In conjunction with the launch of the suite of zero-fee funds, Fidelity provided further enticement to retail investors by offering them zero minimums to open accounts, zero account fees and zero domestic money movement fees.
Another curious aspect the $18 billion that has flowed into the four mutual funds is the funds are still a few months shy of the coveted three-year mark, which is the point at which funds start earning performance-based star ratings from fund trackers like Morningstar.
That same asset-flow phenomenon has also been emerging in the ETF space, where transparent indexed strategies are gathering assets right out of the blocks.
Low fees and fee wars continue across the asset management space, as was shown last week by Invesco’s launch of two exchange-traded funds that track indexes being abandoned by competitor BlackRock. Invesco is hoping to capture a share of the $18 billion potentially in motion by offering investors a six-month fee waiver.
While the fee lever is being pulled in various forms across financial services, it appears there are places that some fund providers will not go.

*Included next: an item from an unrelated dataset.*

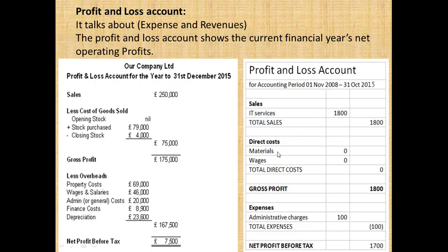You will be using direct costs such as materials and wages. If those are not sold, you will not have a direct cost of goods sold, and therefore you will not have a gross profit.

Inquiries to some of the major fund platforms prove that Fidelity is likely to hold this patch of turf alone for a while.
A spokesperson for The Vanguard Group said there are no plans to launch zero-fee mutual funds. A T. Rowe Price Associates representative declined to comment for this story, and representatives from Charles Schwab Corp. did not respond to a request for comment.
“Zero fees are still a marketing opportunity to bring investors onto the platform, and it’s a competitive advantage to say you can invest for free with us,” Rosenbluth said. “The amount of marketing advantage this has or could have likely offsets whatever they’re giving up in a few basis points of fees.”